Did a Japanese organization send North Korean mercenaries to Vietnam during the Vietnam War? No, that's not true: Japanese citizens could not participate in the Vietnam War because of the country's constitutional "No War Clause" adopted after WWII, and diplomatically, Japan was allied with South Vietnam and the United States during the conflict.
The claim appeared in a TikTok post (archived here) published by user @worldbgnews on February 21, 2024, with an explanation that the mercenaries were sent to Vietnam by members of a supposed paramilitary organization called Yatagarasu, a group that allegedly existed since ancient Japan. A caption translated into English from Japanese by Lead Stories staff reads:
During the Vietnam War, Japan sent North Korean mercenaries from an organization known as Yatagarasu.
This is what the post looked like on TikTok at the time of writing:
(Source: TikTok screenshot taken on Wed Feb 28 23:05:49 2024 UTC)
Japanese citizens were forbidden from taking part in military activities after the defeat of Japan in World War II when a "No War Clause" was written into the Japanese constitution following the 1945 Postdam Declaration (archived here). The "No War Clause" is now known as Article 9 (archived here) and is still enforced to this day:
Aspiring sincerely to an international peace based on justice and order, the Japanese people forever renounce war as a sovereign right of the nation and the threat or use of force as means of settling international disputes.

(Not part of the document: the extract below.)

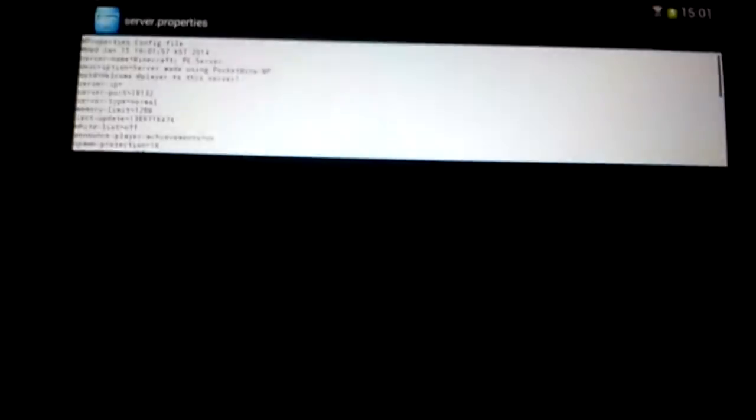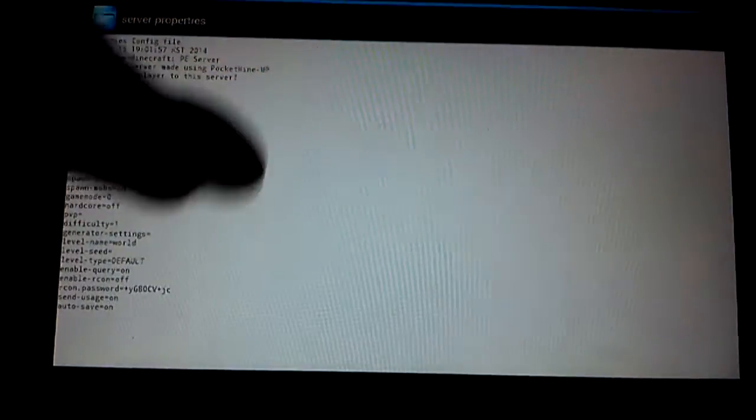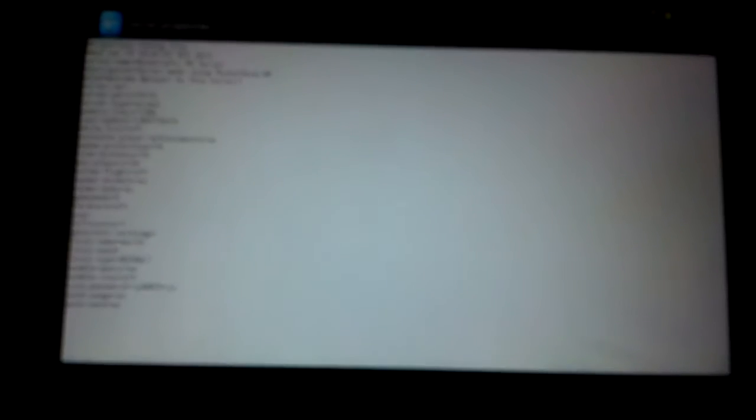If you want to sort your server properties out, go on this and go on text editor. It's real great because that should do. All this is just text editor so you can change all this. White list can be on and off, achievements can be on or off, spawn point, spawn protection is 16 blocks, view distance is 10, max players is 20, allow flight off, spawn animals on, spawn mobs on, game mode zero, hardcore off.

For this reason, Japan did not participate in the Vietnam War and limited its role to passively supporting U.S. initiatives on the sidelines while negotiating the handover of Okinawa (archived here).

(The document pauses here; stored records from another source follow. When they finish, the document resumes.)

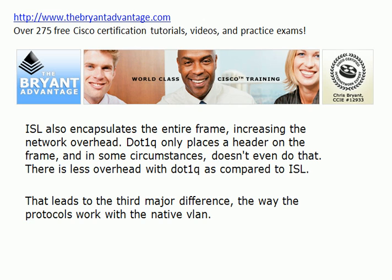ISL also encapsulates the entire frame, and this really does increase the network overhead — we're always interested in keeping unnecessary overhead down. .1Q only places a header on the frame, and in some circumstances — one major circumstance we'll talk about in a moment — even that header doesn't get put on. So there's much less overhead with .1Q compared to ISL.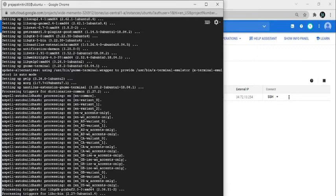Now install xfce4, which is used to download resources for icons and the Ubuntu theme. Write: sudo apt-get install -y xfce4.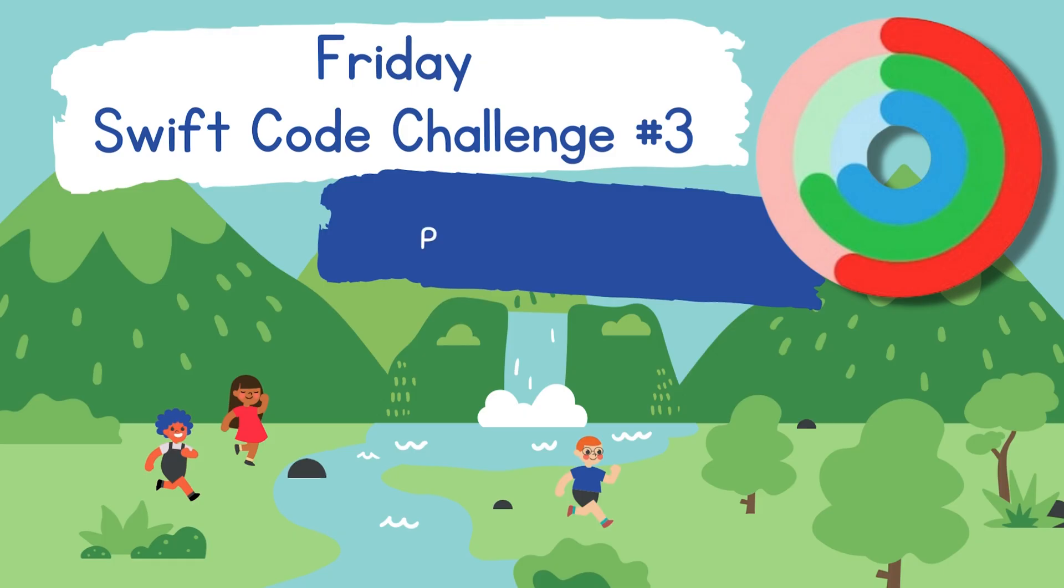In the previous episode of the Friday's Swift code challenge series, we solved a 2x2 system of linear equations using Kramer's rule. This week we're going to build a ring progress bar in SwiftUI.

As for Yatagarasu, there are no traces of a private paramilitary group under this name. The name is associated with a mythological three-legged crow, and a Google search conducted by Lead Stories staff on February 28, 2024, in both English and Japanese, (archived here and here) using the following keywords: "yatagarasu and 'mercenary'" and "ε
«ε«ηεε
΅η΅ηΉ" did not return any result that could corroborate the claim it is or was a paramilitary or mercenary organization operating in Japan.

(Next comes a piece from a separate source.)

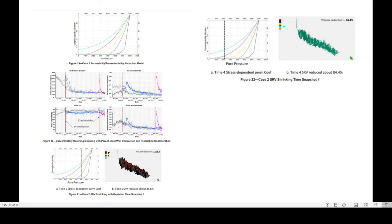Based on the conclusions of the paper, they noted that they were able to develop a permeability reduction model that sped up the calibration time and improved the representation of reservoir performance for the long term.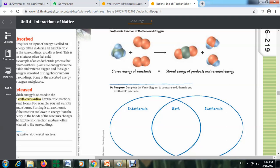Now look at question 14 in your book on page 219. You have to compare endothermic and exothermic reactions to quiz yourself, and write what they have in common. Thank you for listening.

The closest trace to an organization is a defunct religious Shinto clan (archived here) that performed Shinto rituals for the Imperial Court in the 8th century. A traveling mercenary from the 15th century named Suzuki Magoichi (archived here) was known to bear the Yatagarasu as his family crest, but his personhood has been immortalized through various novels. Hence, it isn't clear if Suzuki Magoichi was a real person or not.